This can be achieved using courses.  I have enabled ‘Only Admins can enroll learners’ for the course. 

In Advanced Settings > Catalog Options

Then set up a group for users who have completed the courses in the first learning plan.

Followed by an enrollment rule for the group (above) and a course. 

When the first learning plan and the course are displayed via a catalog to a user (who has not completed the courses in the first learning plan) the course is locked.  

There does not appear to be an equivalent  ‘Only Admins can enroll learners’  for learning plans.  I have tried using an enrollment rule for the second learning plan and the group but the second learning plan is not locked and no padlock is displayed.

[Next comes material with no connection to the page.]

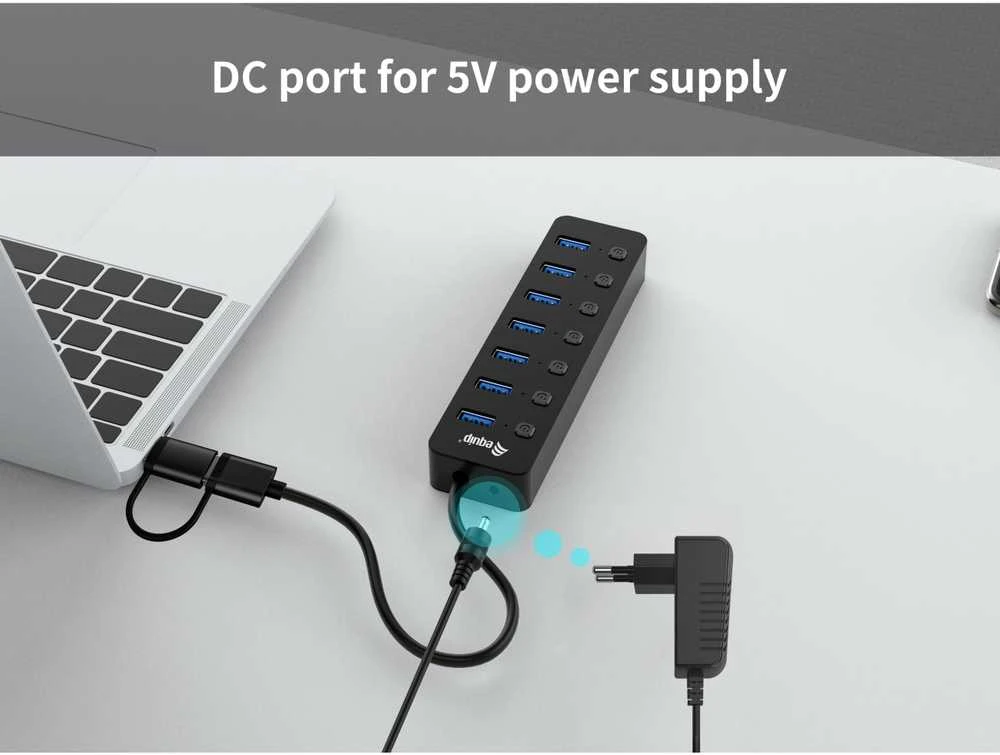 HUB USB Equip Equip USB-Hub 7-Port 3.2 ->7x3.2 5Gbps m.įkroviklis sw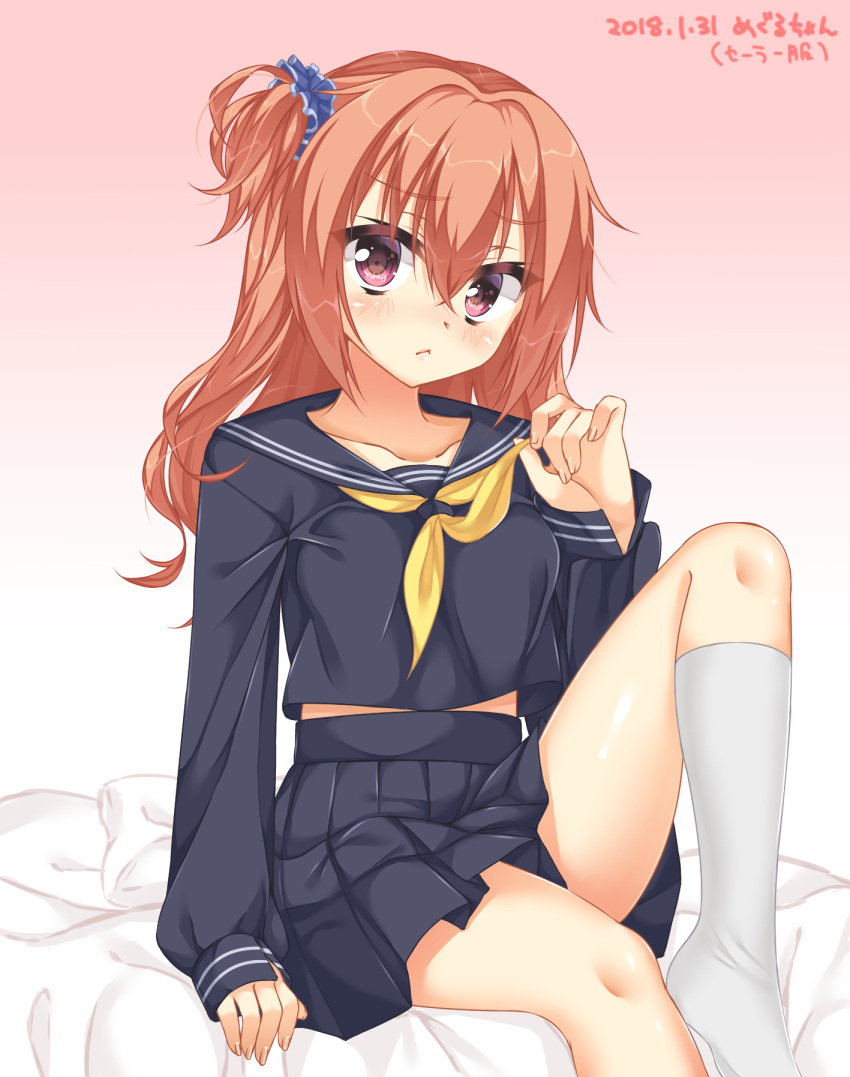 1girl, 2018, :<, alternate_costume, ascot, black_sailor_collar, black_shirt, black_skirt, blue_scrunchie, blush, breasts, character_name, closed_mouth, collarbone, commentary_request, crossed_bangs, dated, eyelashes, frown, furrowed_brow, gradient_background, hair_between_eyes, hair_ornament, hair_scrunchie, hand_up, highres, holding_ascot, inaba_meguru, knees_up, long_hair, looking_at_viewer, miniskirt, nicoseiga_45578174, no_shoes, on_bed, orange_hair, pink_background, pleated_skirt, red_eyes, sailor_collar, sanoba_witch, school_uniform, scrunchie, serafuku, shiny_skin, shirt, shy, side_ponytail, sidelocks, simple_background, sitting, skirt, sleeves_past_wrists, small_breasts, socks, solo, thighs, translated, wavy_hair, white_background, white_socks, yellow_ascot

If I put the locked course into the second learning plan, the user can click on the learning plan and enroll into the course even if the user has not completed the first learning plan.

 

I have two ideas for workarounds, but I will be the first to acknowledge that they are imperfect and quite possibly not viable for your use case:

  • If your courses have one SCORM (or AICC/TinCan/Video file) each, then one option would be to instead bundle all the SCORMS for your learning plan into a single course, which would for most intents and purposes serve as the learning plan.
  • Alternatively, you could consider having a different catalog for the Level 2 learning plan, and use the group you made (using the enrollment status for the courses within the learning plan) to prevent others from even seeing the second learning plan until they’ve completed the first.

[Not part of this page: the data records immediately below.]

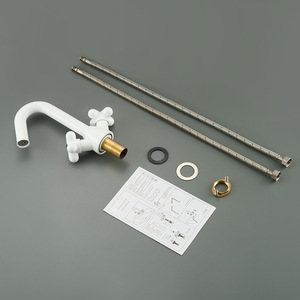 Jieshida Basin Faucet Brass Single Hole Ceramic Valve <b>Deck</b> Mounted 2 Handle - Product Image 4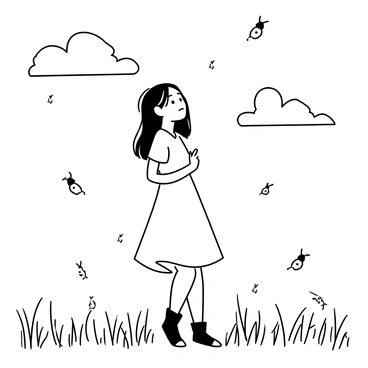 A girl standing in a meadow with tall grass. The sky is transitioning to dusk, with large clouds softly outlined. She has long hair blowing gently in the breeze and is wearing a simple, flowing dress. Around her, numerous fireflies are glowing softly, illuminating her figure and creating a whimsical atmosphere. The girl gazes upward, mesmerized by the flickering lights around her.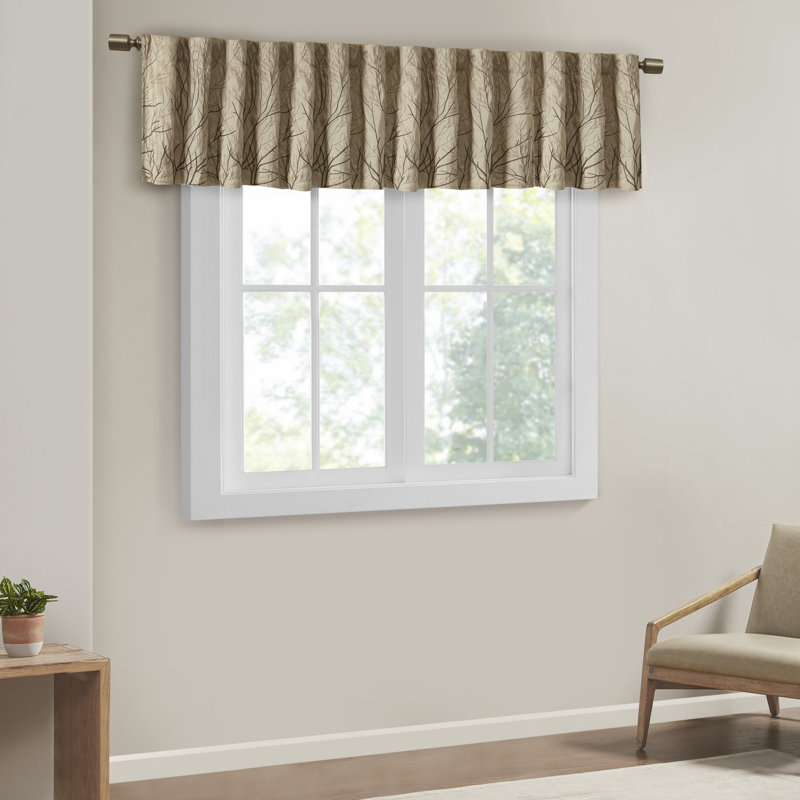Tan Faux Silk Embroidered Window Valance with Rod Pocket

The disadvantages and tradeoffs for each are fairly obvious, but I share them just in case you hadn’t thought of them yet, and just in the tradeoffs are worth it for your context. Best of luck with this.


Thank you Ian.  The second option could be a possibility - do you mean lock the courses in the second catalog which acts as a learning plan?  Currently we are using the padlock on a visible course as an incentive to complete the first learning plan.  


Happy if this helps in the slightest, Laura!

That’s not exactly I what I meant, though. I meant to put the second learning plan itself in the second catalog, and only assign that catalog to people who have completed the first learning plan (using enrollment based conditions).

You’re right that this hides the second learning plan altogether, as opposed to dangling the locked version like a carrot, but it would nonetheless “unlock” the second learning plan upon completion of the first.

It could of course mean that you have to update your page designs to include that second catalog, and so on, but that is the nice thing about catalogs generally: if a user is not assigned to a catalog, they cannot see its contents.


Thanks again for taking the time Ian to reply.  Could you please explain how to assign the second catalog to people using enrollment based conditions?  


Oh, apologies. I may have misinterpreted something you said in your original post: “Then set up a group for users who have completed the courses in the first learning plan.”

I meant just that, create an automatic group using enrollment-based conditions (one condition for each course in the learning plan: Enrollment Status is “Complete” for First Course], Enrollment Status is “Complete” for pSecond Course], etc.) – admittedly this can get a bit trickier if the learning plan has some more flexible logic in it (e.g. complete course A or course 😎, but should still be doable in most cases.

And then, when you create your second catalog containing the second learning plan, you would assign this new group to the catalog (but nobody else, naturally). If the learning plan is only in that special catalog, it will be invisible to users who do not meet these enrollment-based criteria.

Hope this helps, I’m on mobile at the moment so can’t do screenshots I’m afraid (if they’d be needed, that is).


This gave me some great ideas for the future… thank you for sharing @Ian!